This week’s Trader’s Corner looks at Midwest propane inventory.

The rapid build in U.S. propane inventory this summer has been welcome news for propane retailers and consumers. Inventory was low coming out of last year’s harsh winter. Early inventory builds were below normal, adding a bit of uneasiness about where inventory would be positioned for this coming winter.

Nearly two months of above-average U.S. inventory builds have put many of the fears about inventory to rest. However, all regions are not created equal. In fact, there is much concern about the state of propane inventory in the Midwest.

Last winter, the Midwest struggled with a lack of inventory. By contrast, the Gulf Coast region never struggled with having enough inventory — the issue was always getting the inventory where it needed to be because of recent changes in the propane pipeline infrastructure.

With the struggles faced in the Midwest last year because inventory ran low, the hope was that more inventory would accumulate in the Midwest in preparation for this coming winter. After all, the value of propane in Conway would have returned a very nice gain to a producer that had his barrels positioned there last winter.

Inventory was low going into last winter because producers who had suffered a couple of years of Conway propane steeply discounted to Mont Belvieu suddenly had options to move production directly to the Gulf Coast. They were eager to push barrels south when the option to do so became available because it allowed them to access a larger petrochemical market, and of course, a rapidly expanding export market.

Still, the hope was last winter’s high prices might encourage more barrels to be placed in the Midwest this year. The graph on inventory above shows that has not been the case. In fact, inventory is below last year’s and set a new five-year low for week 26 of the year last week. The builds in inventory started off encouragingly, but over the past four weeks, the build trend has not been good, leading to the current low levels.

What we must understand from the producers’ perspective is that they are not just considering the value of propane in their decision-making. They are producing ethane, butanes and natural gasoline, in addition to propane. For those products as well, the Gulf Coast is the market with the most options.

It is more efficient for producers to send their natural gas liquids mix directly to the Gulf Coast to have it fractionated there. That fact has reduced fractionation in the Midwest and resulted in low propane inventory levels. Low inventory levels are the last thing a propane retailer wants to see after last year’s nightmare. With the Cochin line completely lost this year, the sequel to last year could be even more horrifying.

There are capabilities to return finished propane back to the Midwest market from the Gulf Coast. Oneok’s products line between Conway and Mont Belvieu is bidirectional. We have to hope that line will be reversed this winter to take propane back to the Midwest.

Economically, we can see the inefficiency of fractionating in the Midwest and then trying to batch all the finished products to the Gulf Coast market. What would seem to make more sense is fractionating in the Gulf Coast and sending what product is needed in the Midwest back through the finished products line.

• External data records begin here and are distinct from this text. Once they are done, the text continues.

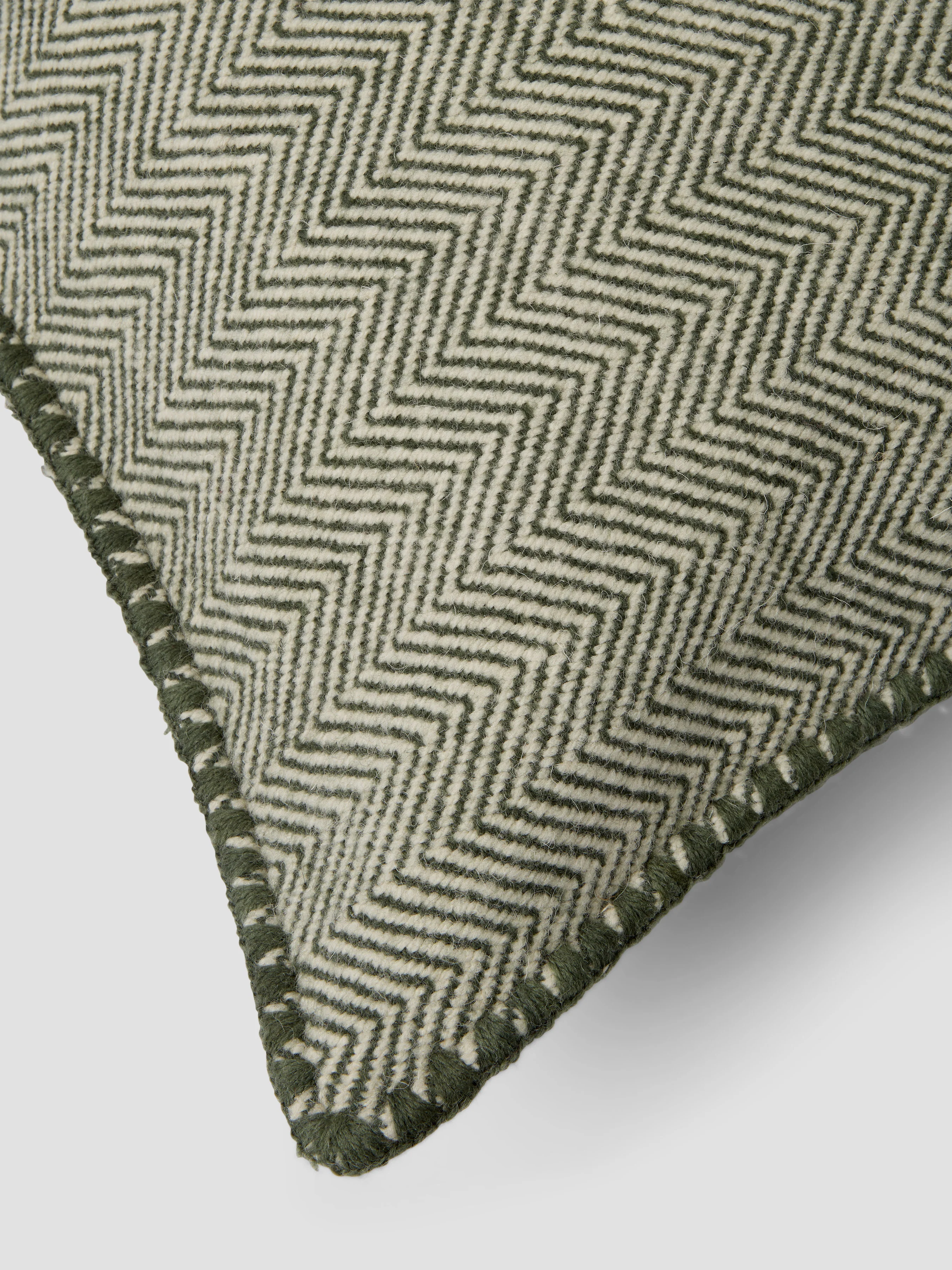 Fern Green Herringbone Wool Rectangle Cushion Cover - Image 2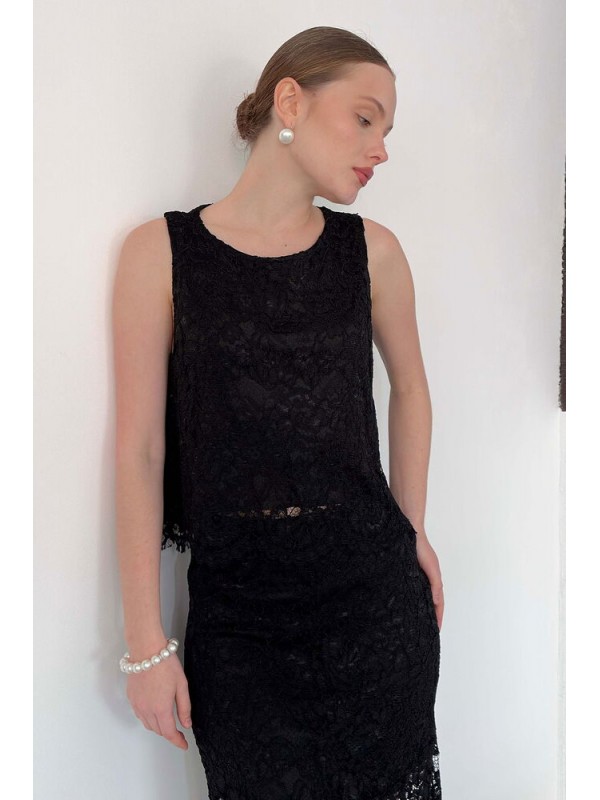 Dantel Kolsuz Bluz - Siyah | D3011 Topshow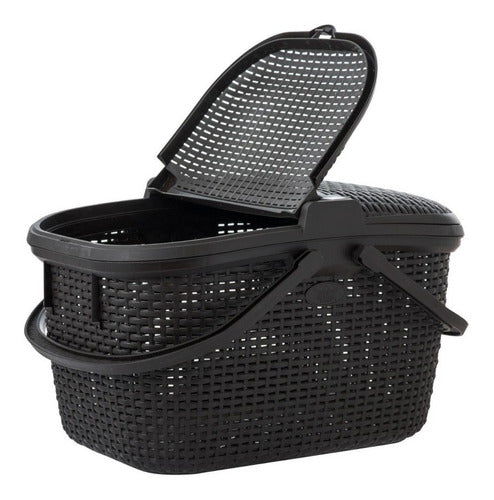 Canasto O Cesto Rattan Para Alimentos Picnic O Camping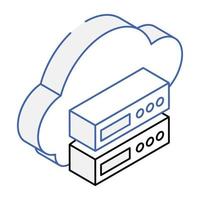 um ícone de servidor em nuvem em estilo isométrico vetor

While the inventory situation looks grim in the Midwest at the moment, there is plenty of propane in the United States, especially the Gulf Coast. In fact, there is a very real possibility of inventory being above 80 million barrels at the start of winter. We have to hope plans are in the works to move some of that inventory that is currently overweight in the Gulf Coast back to the underweight Midwest market this winter.

Otherwise, it will be a crying shame to once again see a bunch of propane inventory sitting in the Gulf Coast struggling to get through the available infrastructure to where consumers are demanding it, while the Midwest is starving for supply. Frankly, this is one sequel we don’t want to see; we would give it a resounding thumbs down. Surely with last year as a reminder, and a year to prepare, we will see the execution of plans to move propane from the Gulf Coast to the Midwest this fall.

Call Cost Management Solutions today at 888-441-3338 for more information about how Client Services can enhance your business, or drop us an email at info@propanecost.com.
WEEK IN REVIEW
Crude prices continued their downtrend that started June 13. Less concern about the disruption of Iraqi crude supplies following the Sunni uprising and hope that the situation in Ukraine will be resolved without Russia taking military action took some of the geopolitical premium out of crude.

Rising U.S. propane inventory makes it difficult for propane prices to fight against the crude downtrend. We go into the week bearish.

LAST WEEK'S DAILY HIGHLIGHTS
No day-by-day summary due to the July 4 holiday.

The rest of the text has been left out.